周産期母子医療センターおよび総合病院11施設,診療所6施設,計17施設を分析対象とした。新型コロナウイルス感染症の疑いのある妊産婦に対する基本方針を策定済みまたは検討中の施設は16施設あった。基本方針の内容は「発熱外来で対応する」「診療ブースや診療時間帯を分ける」等であった。また妊産婦ケアでは「集団指導は個別指導に移行」「面会禁止」「立ち会い出産の禁止」の反面,「丁寧な説明や精神的支援の強化」「ICTを活用し家族と出産の喜びが共有できるよう配慮」等の工夫に努めていた。一方で「実際にCOVID-19患者に直面したときに,正しくケアができるか不安」「個人防護具等感染対策のための物品不足に対する不安」等が挙げられた。
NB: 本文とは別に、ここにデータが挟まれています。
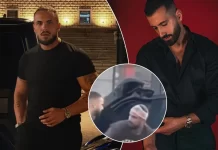 U përfol se janë rrahur me Jozin, Edi shfaqet me fashë në kokë në Tiranë një ditë pas aludimeve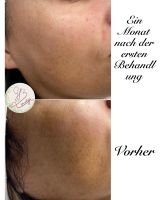 Microneedling&Hydrabeauty&Lichttherapie anti aging, glowing Essen - Essen-Stadtmitte Vorschau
看護者自身は「毎日の検温」や「県外外出の自粛」などを行っていた。

結 論

調査時点では,岩手県内の新型コロナウイルス感染症陽性者が確認され始めたばかりで,対象施設ではCOVID-19陽性妊婦未対応であったが,ほとんどの産科医療施設が感染症対応の方針を策定していた。妊産婦ケアとしては,集団指導を個別指導に変更,妊産婦が外界と遮断されることに対しては,ICTの活用,会話する時間を多くするなどの精神的支援の強化等により対応していた。また看護者は医療提供側の人員や衛生材料の不足に対し,負担を感じながらも対応することと代替で工夫し対応する一方で,COVID-19陽性妊産婦に直面した時,自分が果たして適切にケアできるか等の不安や緊張感が強かった。